Não é de se surpreender, portanto, que muitos observadores vejam nesses relatórios uma mudança de paradigma que comprometem a coerência da tradição católica. Ao classificar a homossexualidade como questão emergente e insistir no tratamento interdisciplinar, corre-se o risco de diluir a clareza moral que sempre guiou a Igreja. Simultaneamente, o impulso para reconfigurar o papel das mulheres no ministério ordenado, sem base teológica estabelecida e sem prazos definidos para uma comissão essencial, suscita a suspeita de que o processo sinodal tem sido conduzido mais por expectativas sociológicas do que pelo sensus fidei.

A crítica aqui não se dirige ao diálogo nem à escuta — sempre presentes na vida da Igreja —, mas à forma como alguns relatórios parecem subentender que a tradição precisa ser flexibilizada para acomodar novas demandas. Quando o relatório admite insuficiência de conceitos, ele não apenas identifica um desafio, mas insinua que os fundamentos teológicos atuais já não seriam adequados para interpretar a realidade contemporânea.
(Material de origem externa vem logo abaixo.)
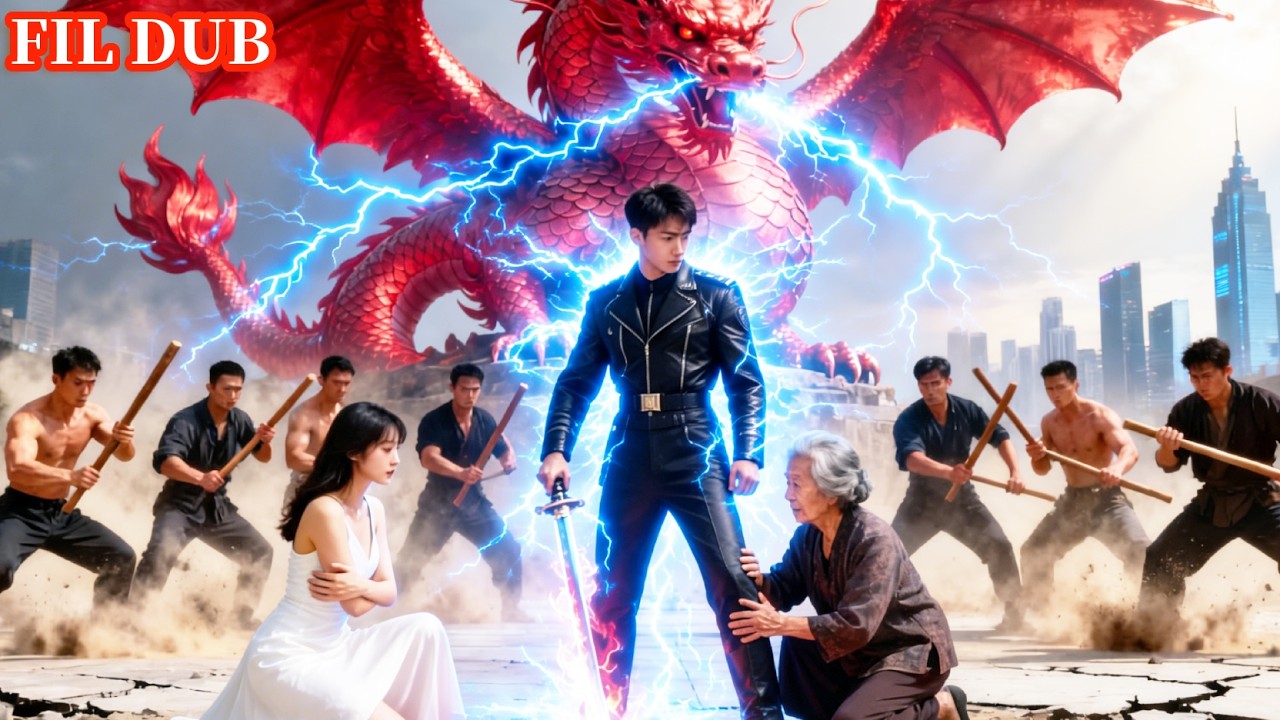 ngayon, nagbalik ang Diyos ng Digmaan! Walang makapigil sa madugong paghihiganti!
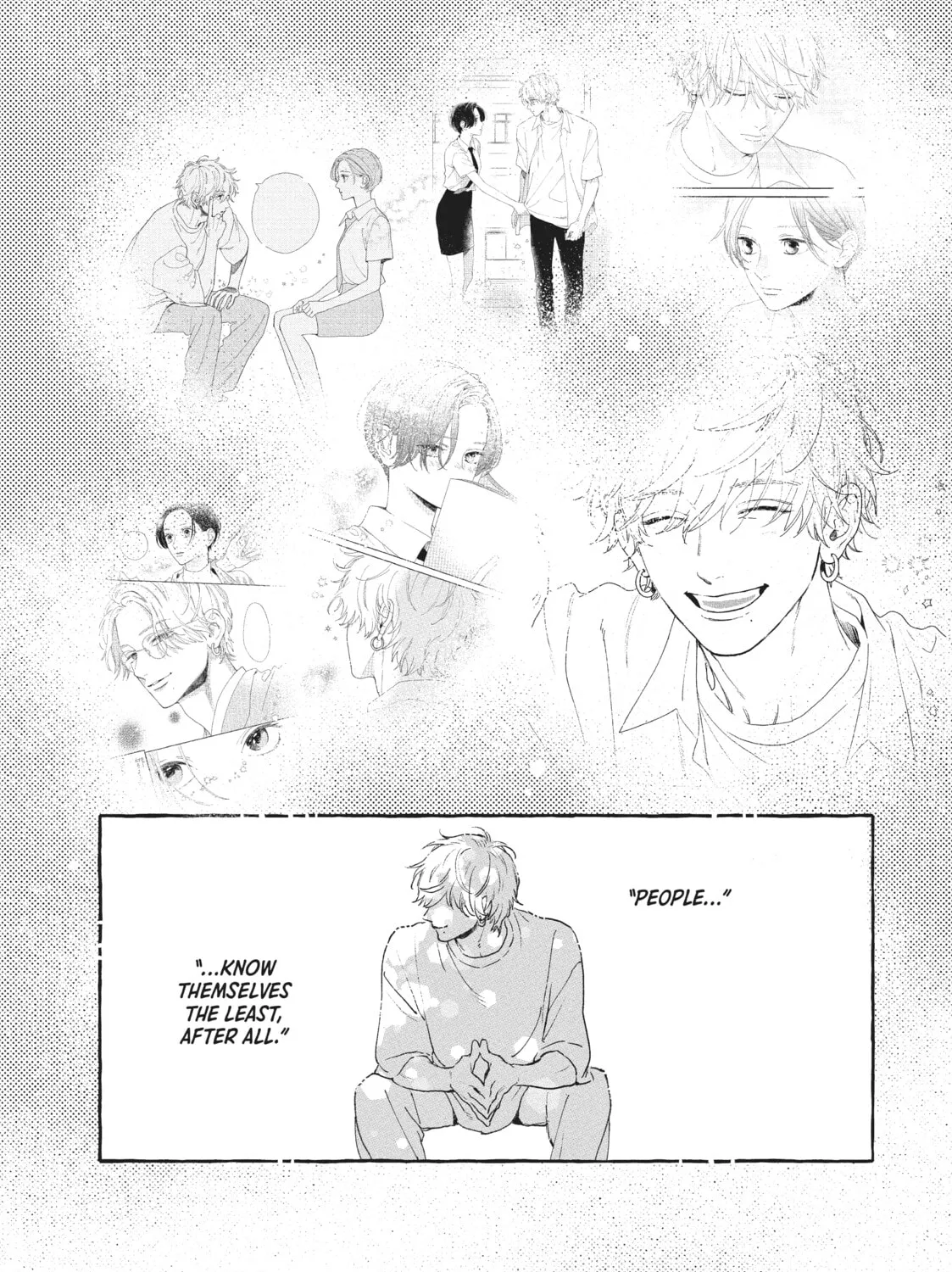In the Clear Moonlit Dusk Chapter 14 page 55 -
Isso abre espaço para reformas que podem desfigurar a doutrina em vez de aprofundá-la.

Em suma, o relatório intermediário parece apontar menos para uma Igreja que caminha unida e mais para uma Igreja que tenta equilibrar correntes divergentes sem resolver suas tensões internas. A abertura à homossexualidade e ao diaconato feminino, conduzida de modo fragmentado e frequentemente pouco transparente, pode acentuar a polarização. O risco real é que a sinodalidade, ao invés de fortalecer a identidade católica, acabe por fragilizá-la ao tentar harmonizar elementos incompatíveis entre si.

O Sínodo, proposto como um fórum de escuta e discernimento, requer uma avaliação crítica. Relatórios que relativizem princípios fundamentais podem afastar a Igreja de sua tradição e comprometer sua função orientadora. Divergências doutrinárias bem menores já causaram o grande Cisma do Ocidente, que perdura até hoje. Espera-se, portanto, que o processo sinodal sirva para unir, e não dividir, os católicos.